29 June 2020
Lauren Kass Lempert and Stanton Glantz, BMJ Journals:
Background Philip Morris Products SA (PMPSA) submitted a premarket tobacco application (PMTA) to US Food and Drug Administration (FDA) seeking an order permitting it to market IQOS in the USA. US law requires FDA to deny marketing authorisation if applicants fail to demonstrate that their product is ‘appropriate for the protection of the public health’. FDA issued a marketing order for IQOS in April 2019, which Philip Morris is using to promote IQOS outside the USA.
Methods We analysed FDA’s Technical Project Lead Review and marketing order for IQOS, relevant law and guidance on PMTAs and independent research on the health impacts of IQOS.
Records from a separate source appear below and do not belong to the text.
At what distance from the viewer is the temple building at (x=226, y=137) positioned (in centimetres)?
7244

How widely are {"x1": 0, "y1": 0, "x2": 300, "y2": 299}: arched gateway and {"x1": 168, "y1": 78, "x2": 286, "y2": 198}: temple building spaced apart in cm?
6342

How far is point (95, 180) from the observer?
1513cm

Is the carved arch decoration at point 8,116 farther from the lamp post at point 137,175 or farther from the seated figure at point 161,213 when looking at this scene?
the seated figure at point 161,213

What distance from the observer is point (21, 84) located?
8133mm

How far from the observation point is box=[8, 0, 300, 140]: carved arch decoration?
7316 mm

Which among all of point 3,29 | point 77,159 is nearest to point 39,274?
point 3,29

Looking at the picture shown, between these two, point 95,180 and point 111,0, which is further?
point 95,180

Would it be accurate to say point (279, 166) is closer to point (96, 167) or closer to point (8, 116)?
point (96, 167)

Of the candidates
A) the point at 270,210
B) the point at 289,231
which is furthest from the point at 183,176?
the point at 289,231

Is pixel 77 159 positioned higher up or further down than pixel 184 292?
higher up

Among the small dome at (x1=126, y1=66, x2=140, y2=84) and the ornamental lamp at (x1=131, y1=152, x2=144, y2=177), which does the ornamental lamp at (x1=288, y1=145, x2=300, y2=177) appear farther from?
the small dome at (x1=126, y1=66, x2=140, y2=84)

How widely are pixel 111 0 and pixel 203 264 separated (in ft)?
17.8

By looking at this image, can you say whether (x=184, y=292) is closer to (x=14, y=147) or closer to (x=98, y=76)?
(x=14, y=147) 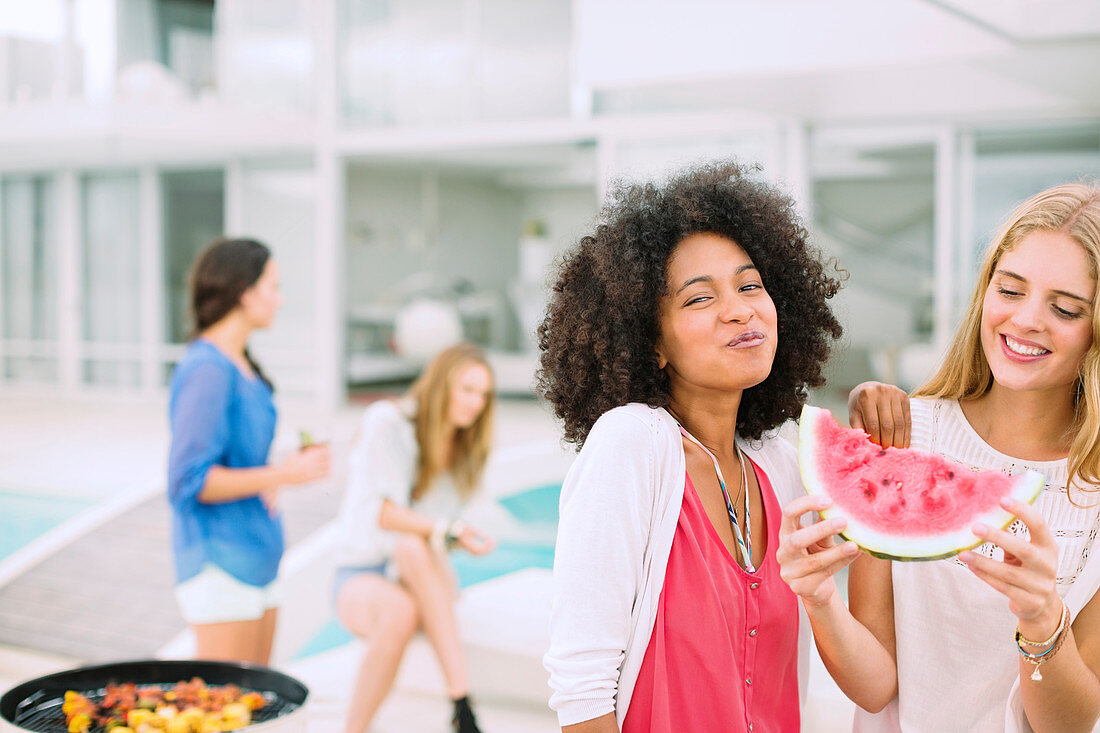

Results FDA found that the evidence PMPSA submitted did not demonstrate reduction in long-term disease risks and that IQOS aerosol emits toxins with carcinogenic and genotoxic potential, some at higher levels than conventional cigarettes. PMPSA did not appropriately consider the health impacts of dual use, the product’s attractiveness to youth or data showing that consumers do not accurately perceive the addiction risks of IQOS. Despite FDA’s own scientists’ recommendations and independent research showing that IQOS presents serious risks to users including cytotoxic, genotoxic, hepatotoxic, cardiovascular and pulmonary risks, FDA concluded that IQOS is ‘appropriate for the protection of the public health’.
Conclusion FDA’s decision allowing IQOS to be marketed in the USA disregarded valid scientific evidence and misapplied the public health standard mandated by law. This decision may have important health impacts, influence marketing IQOS outside the USA and erode public confidence in FDA’s future PMTA decisions.